Shattering the grass ceiling: DA makes history with weed-conviction dismissals

Shattering the grass ceiling: DA makes history with weed-conviction dismissals
Photo illustration by John Napoli

Brooklyn’s top prosecutor is clearing records — and breaking them!

A Criminal Court judge on Wednesday vacated convictions for minor pot-possession and public-smoking charges for the first time in New York State history, after District Attorney Eric Gonzalez endorsed clearing the records of 28 former convicts amid his ongoing effort to decriminalize low-level weed charges.

“My office has stopped prosecuting the vast majority of marijuana-possession and smoking cases, because I do not believe that pursuing those cases makes us safer, and because I recognize that the racial disparities in enforcement with respect to these offenses remained intractable,” Gonzalez told Judge Michael Yavinksy.

Do-good lawyers with Legal Aid Society and Brooklyn Defender Services partnered with prosecutors to host three events this fall, where roughly 200 people found guilty of misdemeanor weed charges met with defense lawyers, who filled out motions to retroactively dismiss the convictions on the individuals’ behalf, according to Gonzalez’s spokesman Oren Yaniv.

Some of those motions have yet to be filed, but many of the hundreds of applicants — such as those convicted of blazing behind the wheel — didn’t qualify for dismissals, while others found out that judges already dismissed their charges because they were first-time offenders, Yaniv said.

Gonzalez also moved to vacate more than 1,400 open pot warrants in court on Wednesday, saving hundreds more from future arrests on charges his office doesn’t plan on prosecuting, according to his rep.

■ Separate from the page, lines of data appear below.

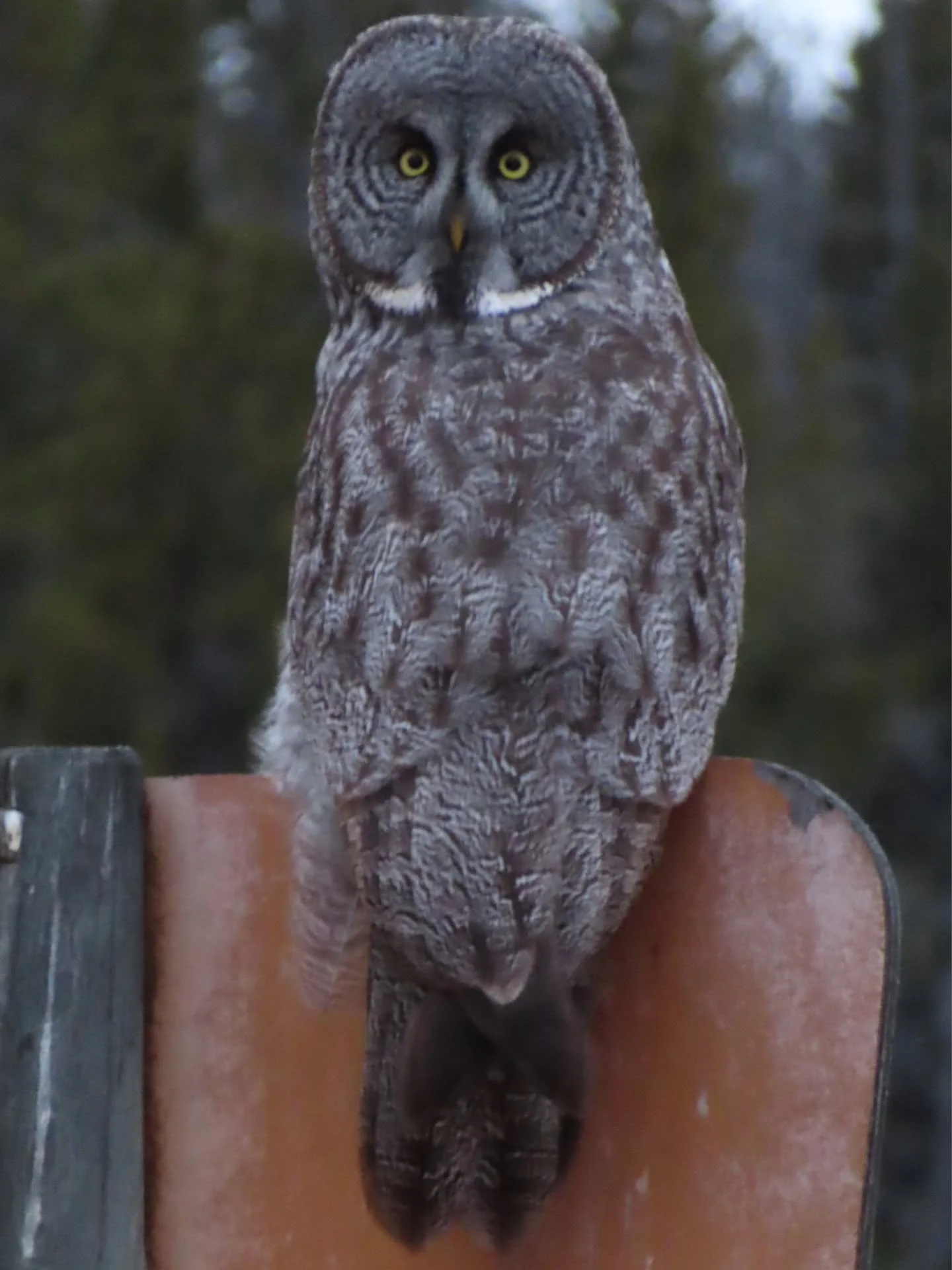 This Great Gray Owl gave us a vouge show!

You never know what you'll see in Yellowstone. Join us for surprises that will blow your mind!

Tours February through October. Visit yellowstonehikingguides.com for up-to-date availability.

#yellowstonehik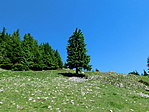 DSCN2587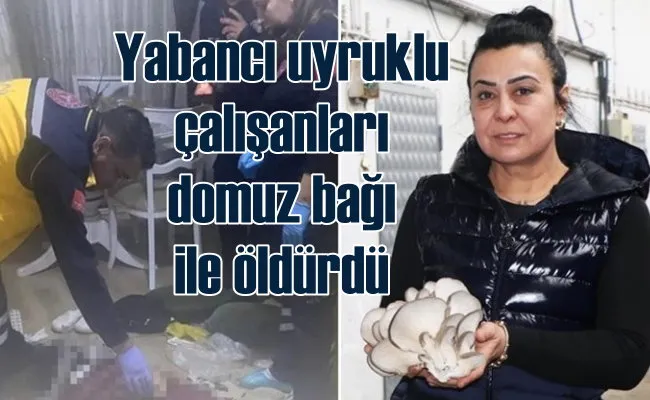 Canan Cerit cinayeti | Yabancı uyruklu çalışanları katletti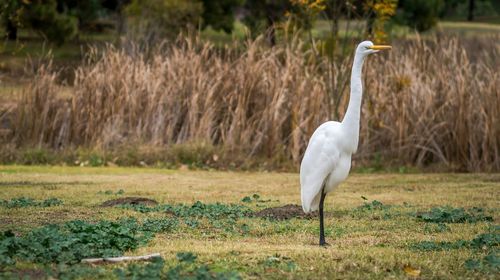 White bird perching on field against plants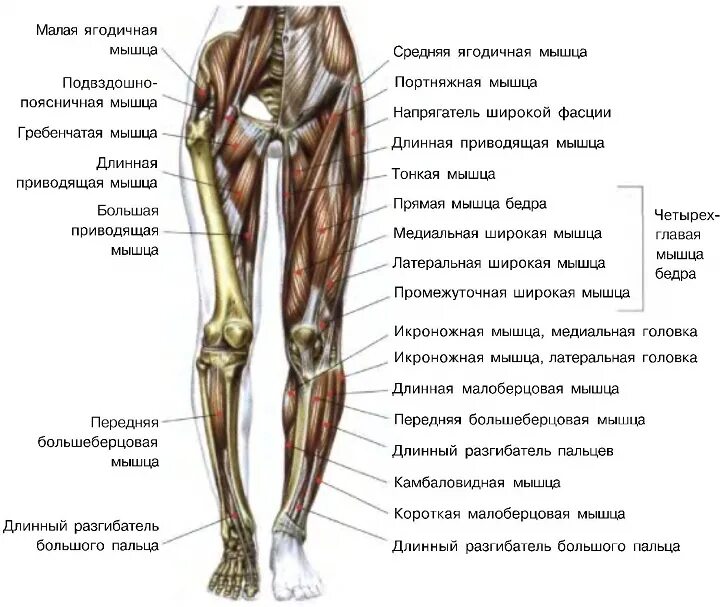 Анатомия бедра кости с мышцами. Анатомия нижней конечности мышцы и связки. Нога строение ноги мышцы. Строение мышц бедра человека. Часть ноги на б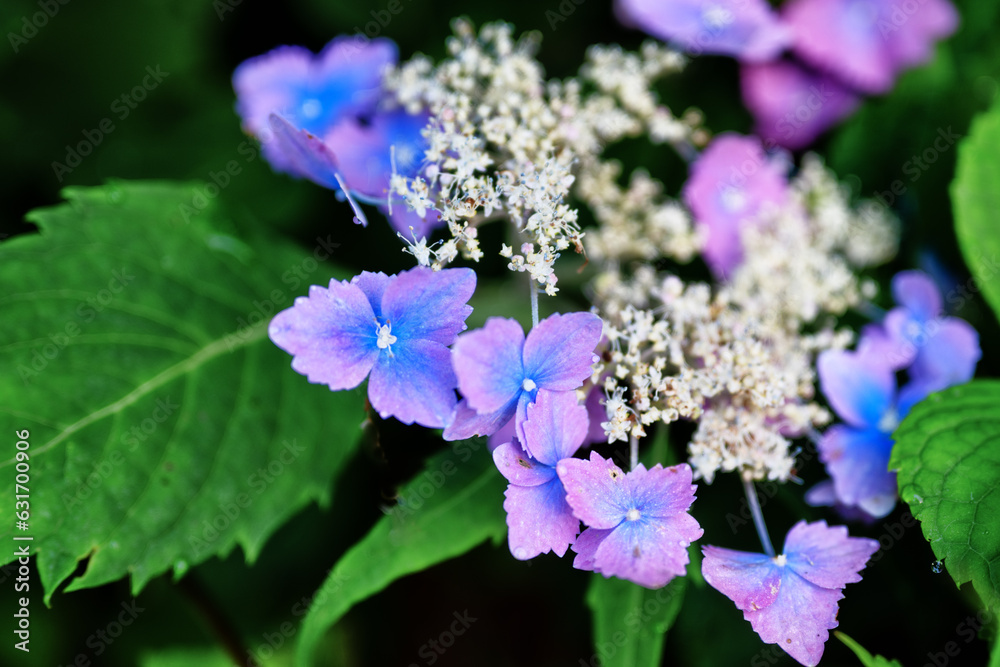 登山道脇に咲いていた紫陽花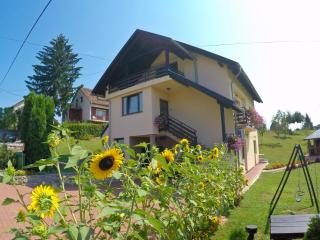 Apartment Ante - Slunj - 4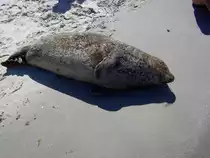 Seehund am Badestrand von Graal-M�ritz im Sommer 2008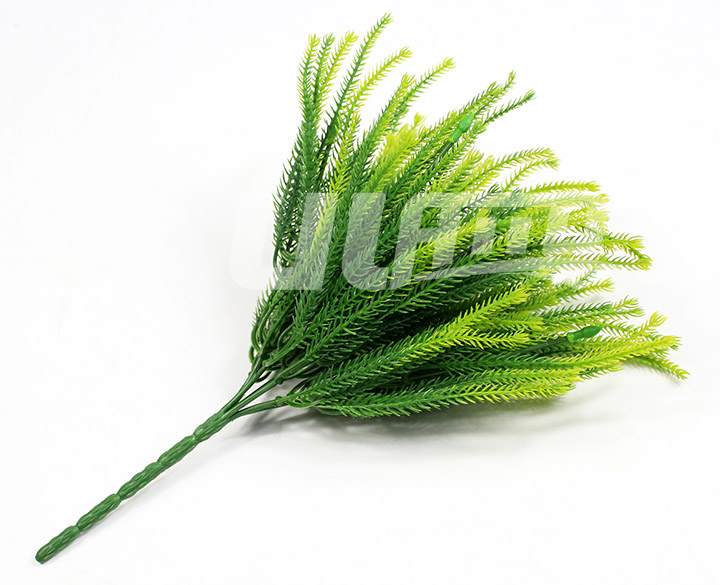 �����ֲ��ʯ��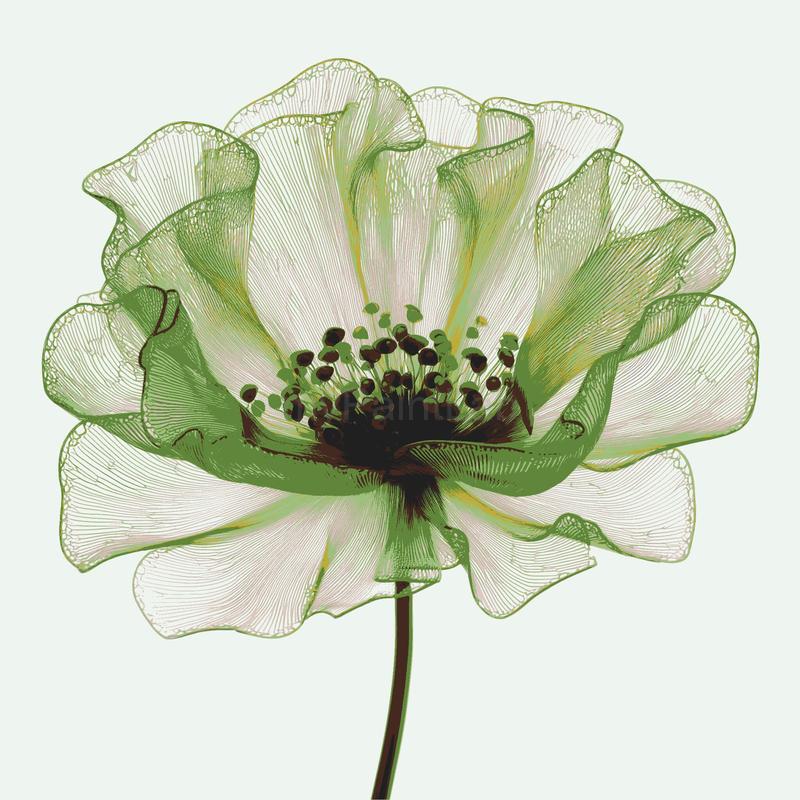 Malen nach Zahlen grune Blume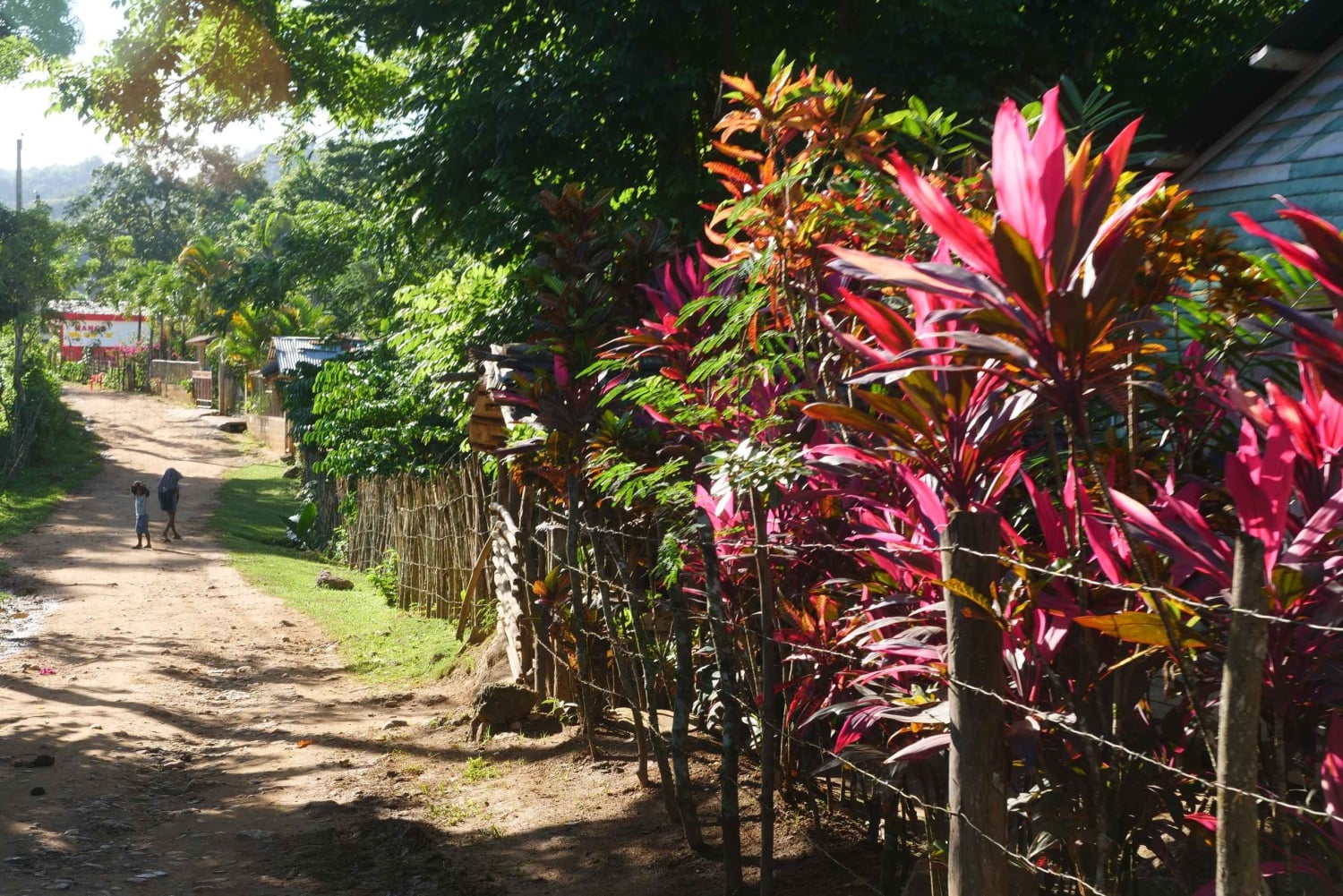 Las Terrenas: El Limón Waterfall Trekking Tour in Samana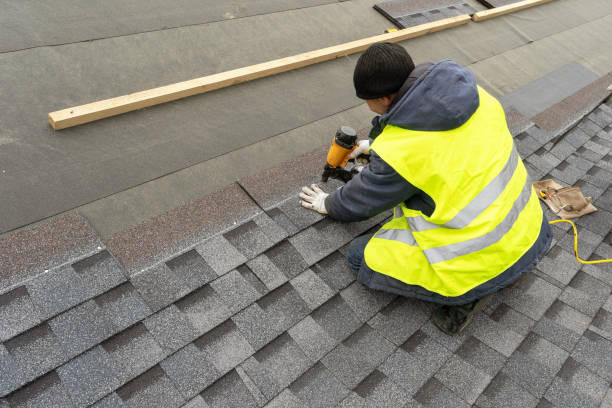 Best Roof Gutter Cleaning  in Wooster, AR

Gonzalez — who assumed the role of Acting District Attorney in 2016 following the death of his predecessor Ken Thompson, and dropped the Acting from his title after being elected to the seat the following year — has worked to expand the policy of not prosecuting many marijuana-related arrests that Thompson instituted back in 2014.

Some advocates of weed-law reform previously blasted the policy as too limited to do any good for the people of color typically cuffed for misdemeanor pot infractions, but prosecutors with Gonzalez’s office point to statistics that show plummeting arrest numbers — which dropped by 98 percent this year — as evidence of the policy’s success.

One current hurdle for those who hope to take advantage of the retroactive amnesty program is that individuals must apply to have their records cleared in person, according to Gonzalez, who said any new legislation — such as the marijuana-reform package that Gov. Cuomo said he may announce as soon as next year — must consider a blanket pardon for those already prosecuted under current laws.

“These past convictions do not make us safe, as they may hold back those who carry them from moving forward with their lives as contributing members of society,” the top prosecutor said.